Un contenzioso nato per via di un ammanco di denaro importante emerso nel corso di una delle consuete riunioni tra le cassiere del rione Luzzatti e le donne del clan D’Amico. Un buco importante nel bilancio dell’attività di usura che ha sancito il punto di non ritorno tra le parti. Seppure inizialmente le D’Amico abbiano provato ad insabbiare la vicenda, accusando del furto una delle donne storicamente legate al clan del Conocal, arrivando perfino a minacciarla platealmente, annunciando che avrebbero provveduto a sottrarle l’abitazione che da anni occupa nel rione, qualora non avesse provveduto a restituire il denaro sottratto dalla cassa in cui convergono i proventi dell’usura. Una minaccia plateale che doveva essere udita da tutti per rendere credibile l’attrito che aveva portato alla brusca rottura tra le due socie in affari, affinchè le finanziatrici del business si convincessero della buona fede delle D’Amico. Una messa in scena in piena regola che non avrebbe sortito l’effetto sperato. Poco prima dell’incursione armata di martedì 26 settembre, la verità sarebbe venuta a galla e le socie finanziatrici dell’attività illecita sarebbero andate su tutte le furie, consapevoli di essere state derubate, raggirate e prese in giro. Gli animi si sarebbero accesi subito e ben presto le donne sarebbero finite alle mani. Ad avere la meglio la figlia del boss dei “fraulella” che in questo modo avrebbe aggravato la sua posizione agli occhi degli ormai ex soci in affari, aggiungendo un altro affronto all’oneroso conto già in sospeso. Motivo per il quale il commando del rione Luzzatti avrebbe fatto irruzione in via al chiaro di luna, nei pressi dell’abitazione della donna che poco prima si era resa autrice del pestaggio.

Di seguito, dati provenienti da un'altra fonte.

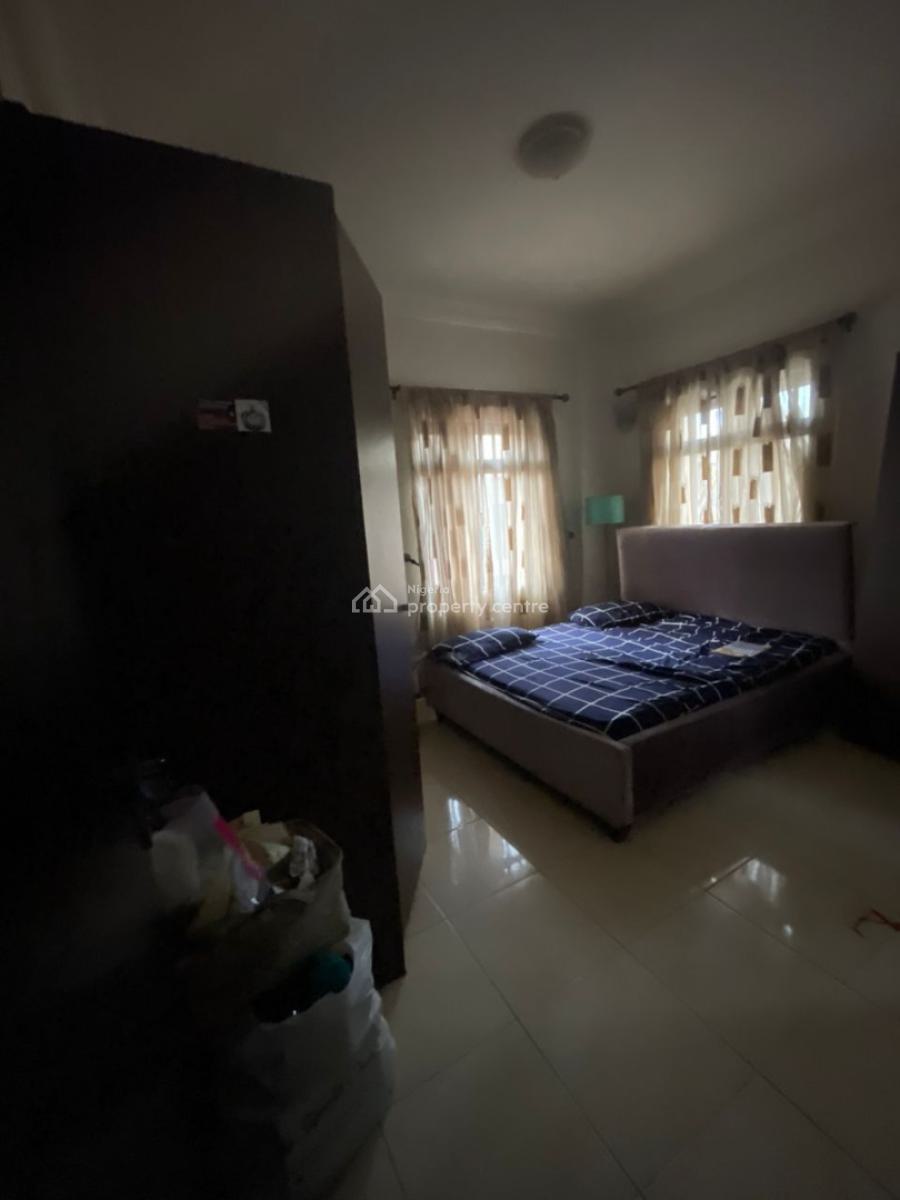 Beautiful and Spacious 4 Bedroom Terrace Duplex with Bq, Lekki Phase 1, Lekki, Lagos, Terraced Duplex for Rent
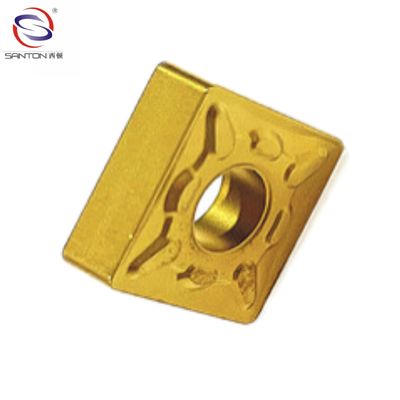 Giá tốt Mảnh chèn cacbua CNC K30 Lõi siêu mịn cho tiện kim loại trực tuyến
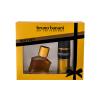 Bruno Banani Man&#039;s Best Set cadou apa de toaleta 30 ml + deodorant 50 ml Cutie cu defect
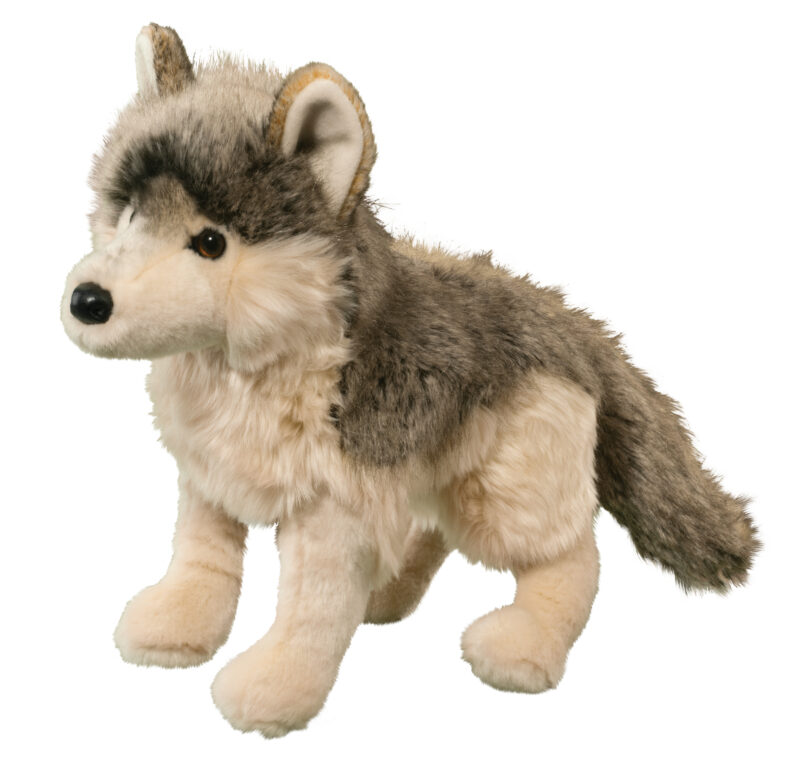 Smoke Dlux Wolf - Image 3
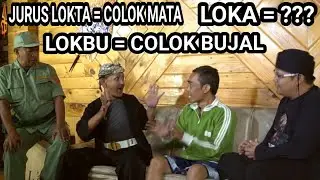 KOLABORASI SILAT DAN SEPAK BOLA 2A SHOW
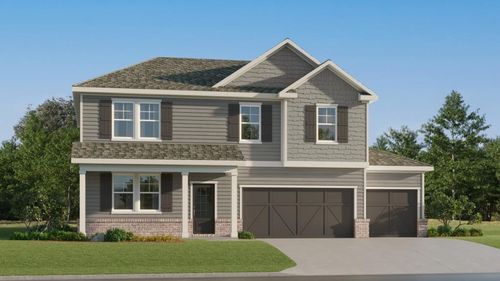 316 Wheeler Creek Ln, Jackson, GA, 30233-2942 | Card Image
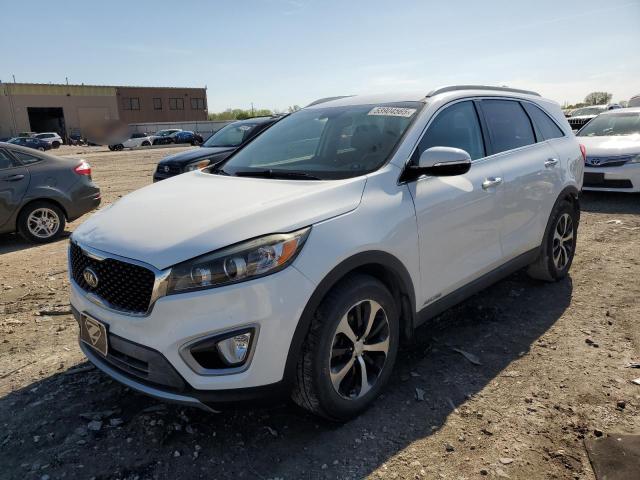 KIA SORENTO EX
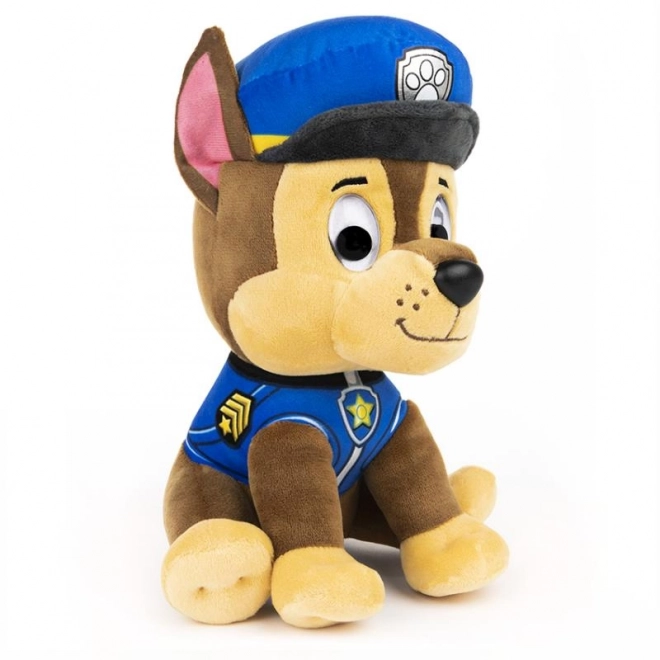 Gund Paw Patrol Chase Plüschtier 23 cm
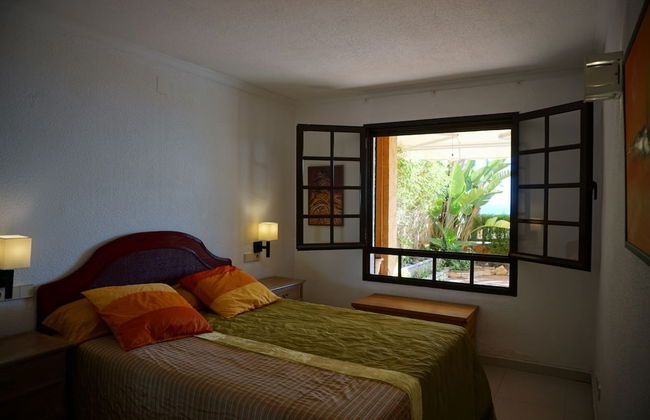 Apartamento Mascarat - Foto 2
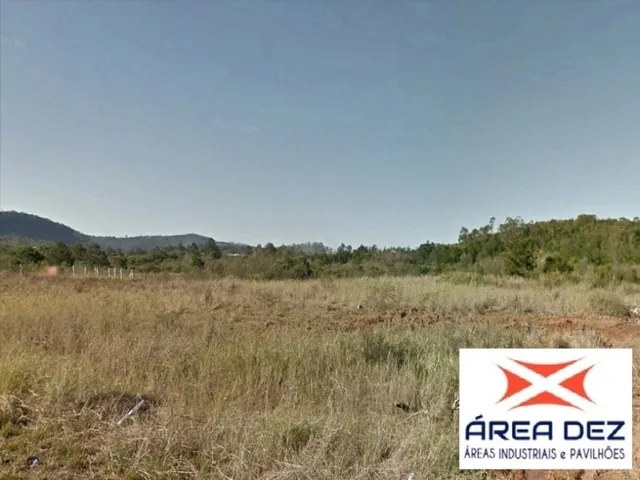 Imagem 1: Área Industrial para Venda , Comercial e Logística em Campo Bom Rs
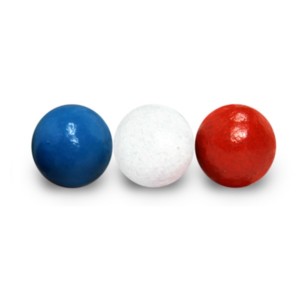 Football table game - Team France - Marbles - Rouletabille - Les jouets libres - Croque-Maman
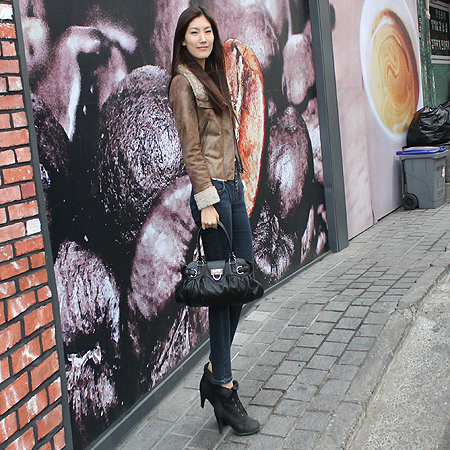 Ferragamo(��󰡸�) 21 5370 ���� ��ġ�� ��Ŭ ��� ���� ���� ��Ʈ�� �̹���5 - ���̺��� �߰���ǰ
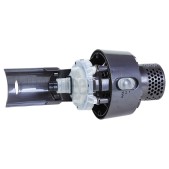 Foto van Dyson Motor Main Body SV12 Absolute, Animal, Parquet, Total Clean 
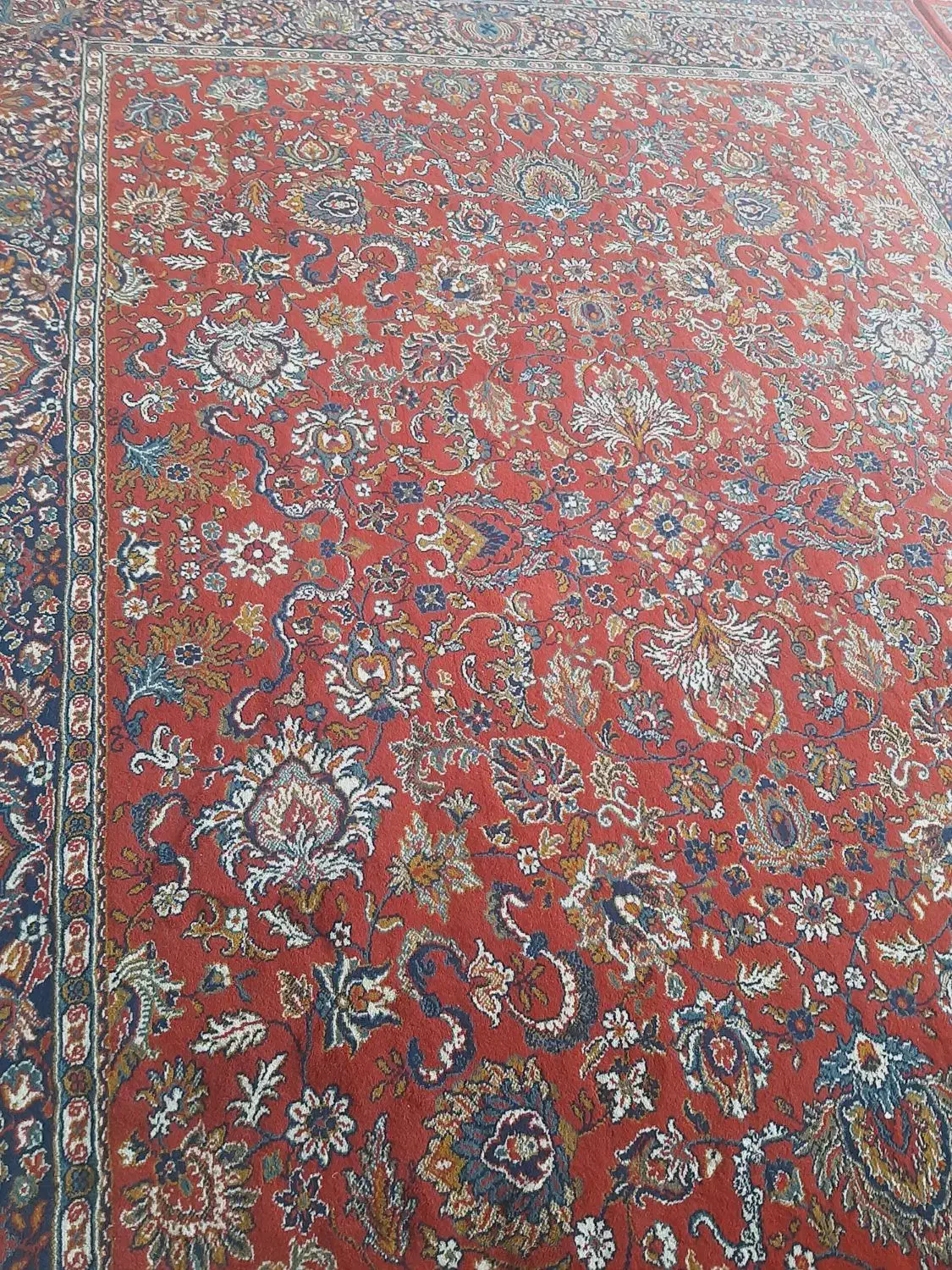 فرش۱۲ متری|فرش|شهریار, شهرک وائین|دیوار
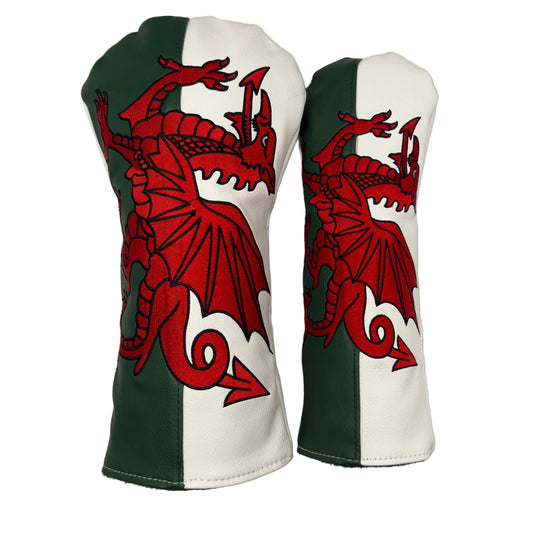 Wales Driver & Wood Bundle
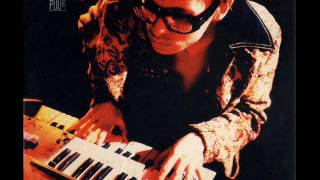 Jimi Tenor - Europa (Main Theme)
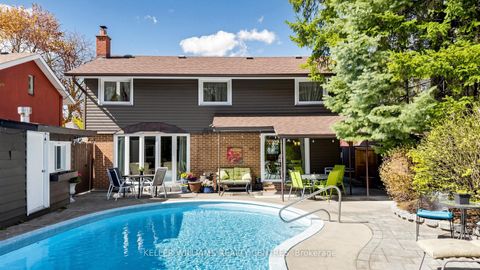 Photo 32 at 19 Lesterwood Crescent, Bendale, Toronto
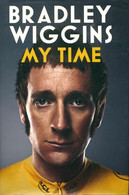 My Time De Bradley Wiggins (2012) - Sport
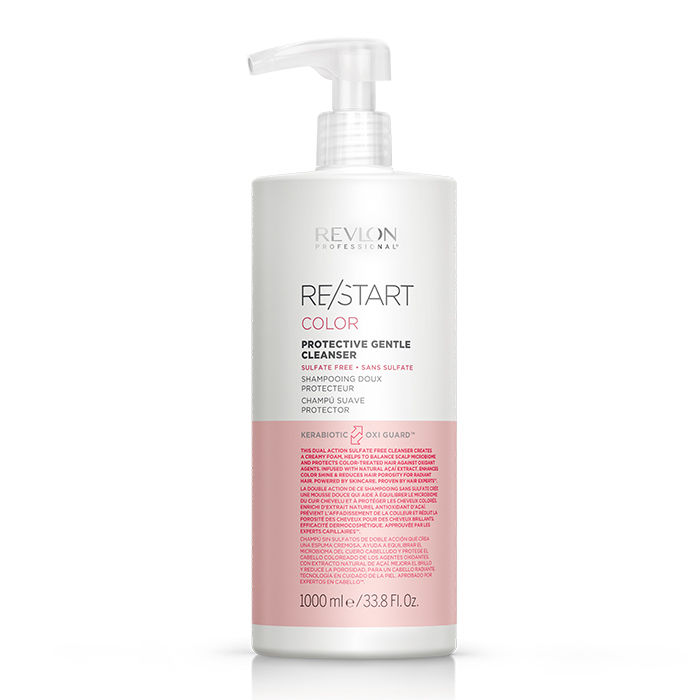 Miniatura: Shampoo Re/Start Color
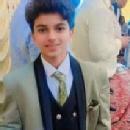 Photo of Aryan Tiwari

I residenti in zona sottolineano un aspetto cruciale: si tratta di una “zona morta” del rione, dove i giovani affiliati al clan non sono soliti intrattenersi, motivo per il quale hanno subito escluso che si potesse trattare dell’ennesimo atto dell’eterna faida con i De Micco, ancor più alla luce del plateale litigio avvenuto poche ore prima.
Nel corso della giornata successiva al raid, la dinamica, il movente, i retroscena sono emersi a fatica, complice la paura di pronunciare il nome della figlia del boss del rione. All’indomani dell’ennesima notte di spari, nel Conocal primeggia la comprensibile paura da parte dei civili, estranei alle dinamiche camorristiche, consapevoli che quel conto non regolato non è destinato a restare in sospeso a lungo. Nella malavita certi sgarri, soprattutto se riconducibili a contenziosi di carattere economico, molto spesso sono sfociati nel sangue. Motivo per il quale si teme un’escalation di violenza e si auspica che le forze dell’ordine facciano scattare le manette per le figure apicali del clan egemone nel Conocal prima che ad avere la peggio sia l’ennesima vita estranea alle logiche camorristiche.
Nel frattempo è calato il coprifuoco sul fortino dei D’Amico.